21. A non-transitory computer readable medium storing instructions which, when executed by one or more computing devices, cause the one or more computing devices to perform a method of obfuscating the feature engineering stage of a machine learning pipeline, the machine learning pipeline being designed to carry out one or more specified feature engineering tasks, the method including: compiling a source code representation of the feature engineering stage to obtain an object code representation of said feature engineering stage; searching the object code representation of the feature engineering stage to find first, second, and third object code sequences, the second code sequence performing tasks ahead of the third object code sequence performing tasks; and modifying the object code representation of the feature engineering stage by: inserting a third object code sequence into the object code representation of the feature engineering stage, the third object code sequence comprising one or more instructions, and being operable to pass control to the first object code sequence; and inserting a branch at the end of the first object code sequence, the branch being operable to: pass control, upon detection of a first predefined condition, to an instruction following the first object code sequence, and pass control, upon detection of a second predefined condition, to an instruction following the third object code sequence; whereby the third object code sequence is executed ahead of the second object code sequence.

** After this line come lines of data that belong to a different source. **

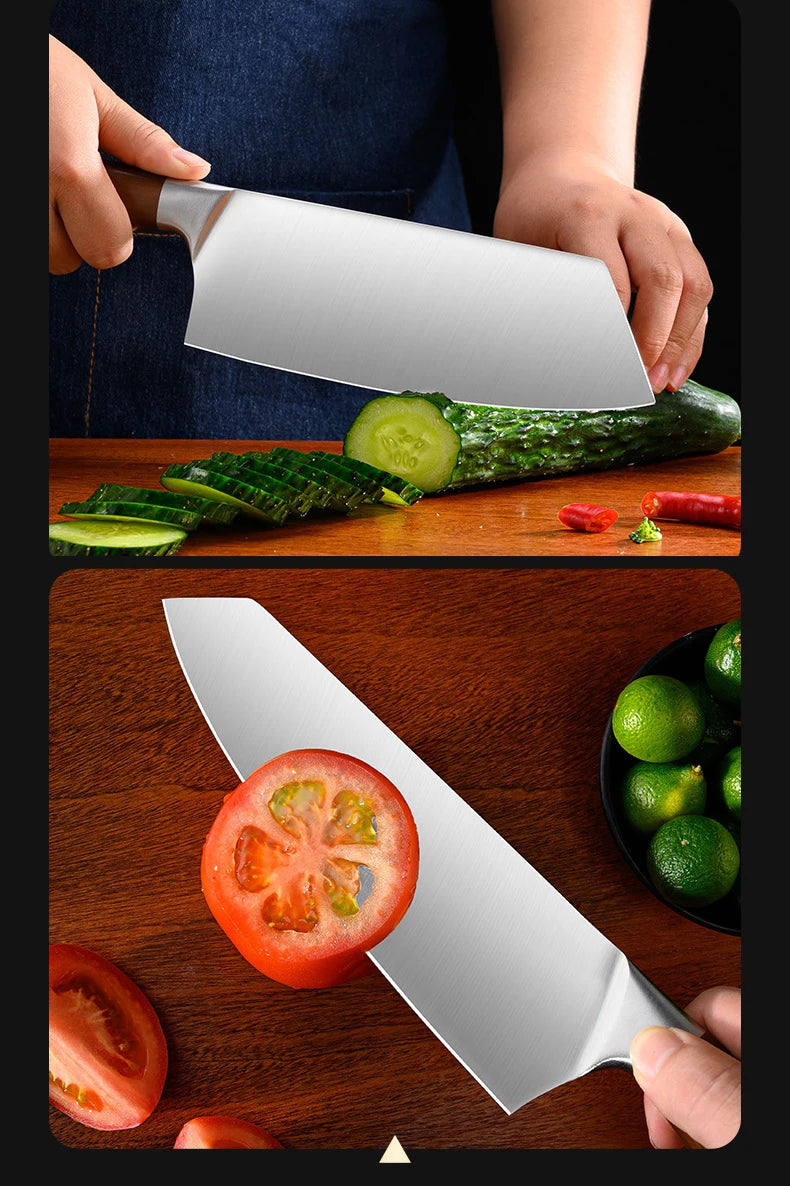 Kitchen Knife Stainless Steel Slicing Cleaver Japanese Chef Fish Cutting Vegetables Meat Cooking Knives Set Tools Kitchen Knives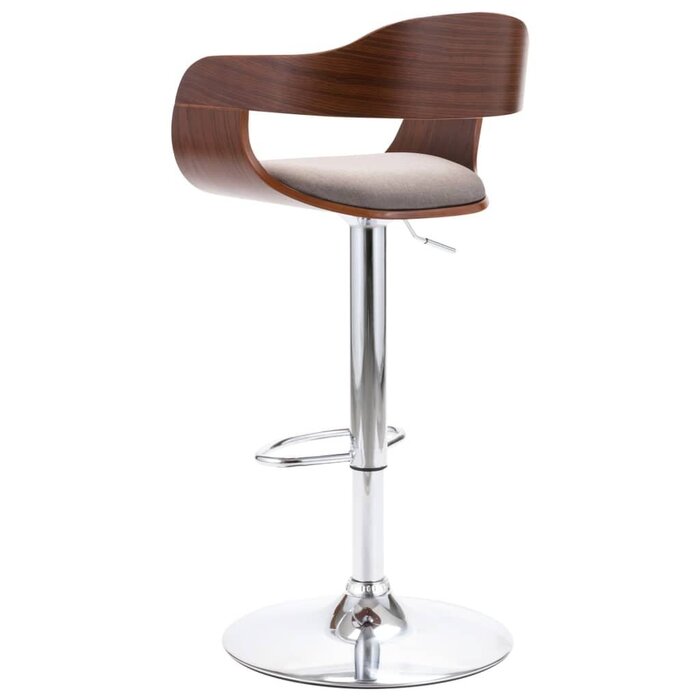 Design-Barhocker in Taupe, höhenverstellbar - bis zu 34% Rabatt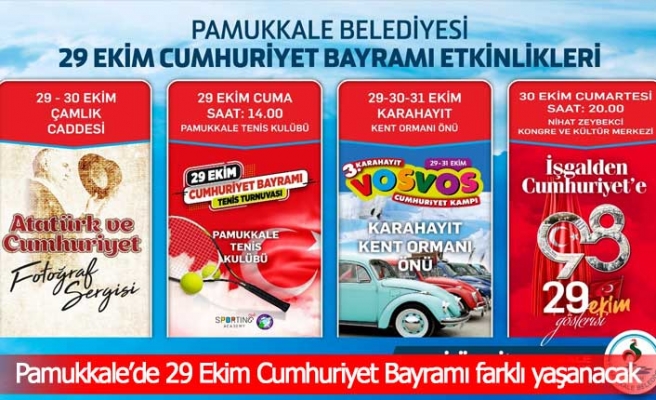 Pamukkale’de 29 Ekim Cumhuriyet Bayramı farklı yaşanacak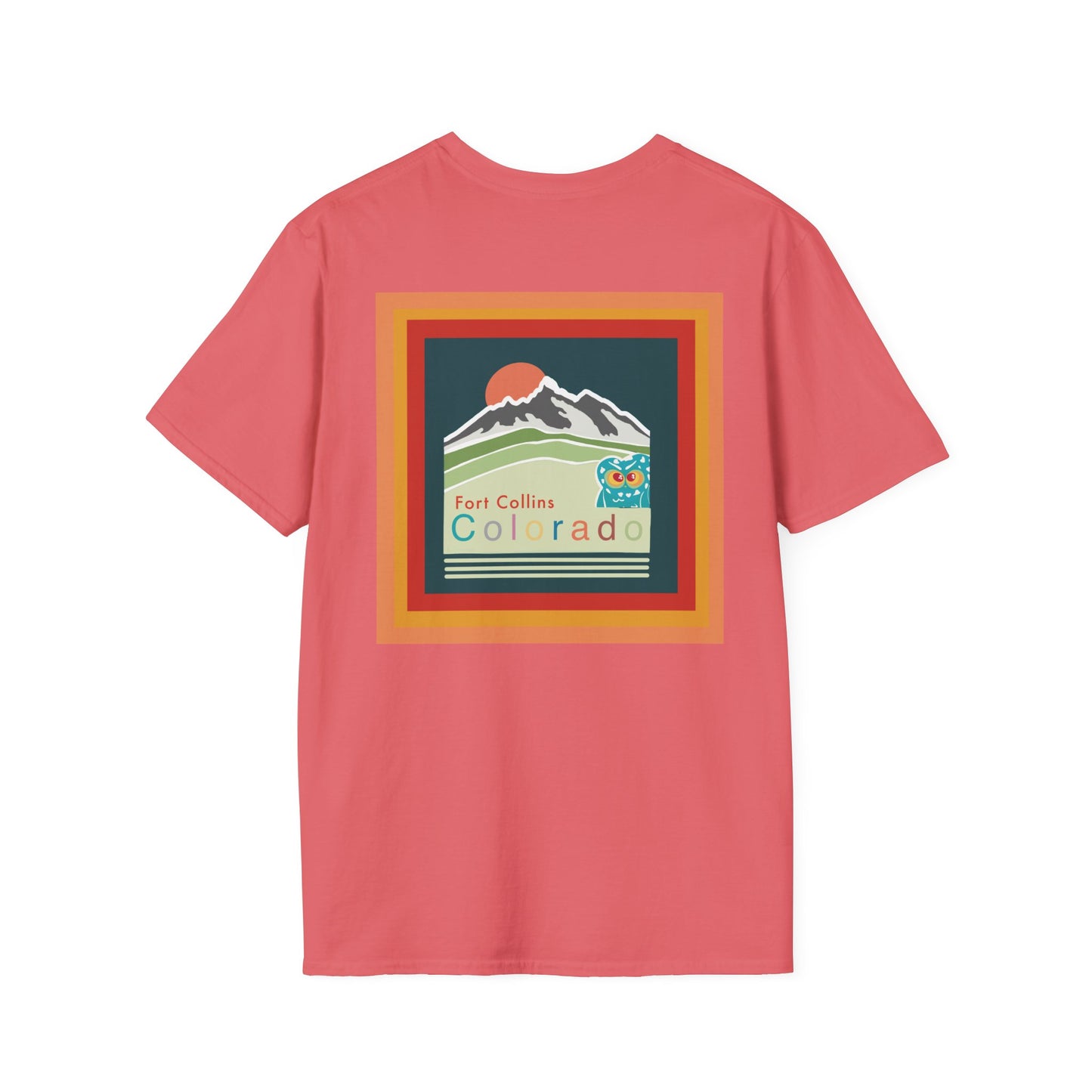 Fort Collins Colorado T-Shirt, Unisex Graphic Tee, Casual Travel Shirt, Vintage Style Apparel, Outdoor Adventure Clothing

22. A non-transitory computer readable medium storing instructions which, when executed by one or more computing devices, cause the one or more computing devices to perform a method of obfuscating the data processing stage of a machine learning pipeline, the machine learning pipeline being designed to carry out one or more specified data processing tasks, the method including: selecting a sequence of source to target mapping statements, the sequence of source to target mapping statements having a predefined order; incorporating at least a first concurrent process and a second concurrent process into the computer program; incorporating at least a first source to target mapping statement from the sequence into the first concurrent process; incorporating at least a second source to target mapping statement from the sequence into the second concurrent process; introducing a plurality of guard variables to control the execution of the at least one first concurrent process and the second concurrent process; controlling execution of the first concurrent process and the second concurrent process such that the sequence of source to target mapping statements is executed in the predefined order; and assigning an error value to at least one of a plurality of guard variables without causing incorrect execution of the sequence of source to target mapping statements.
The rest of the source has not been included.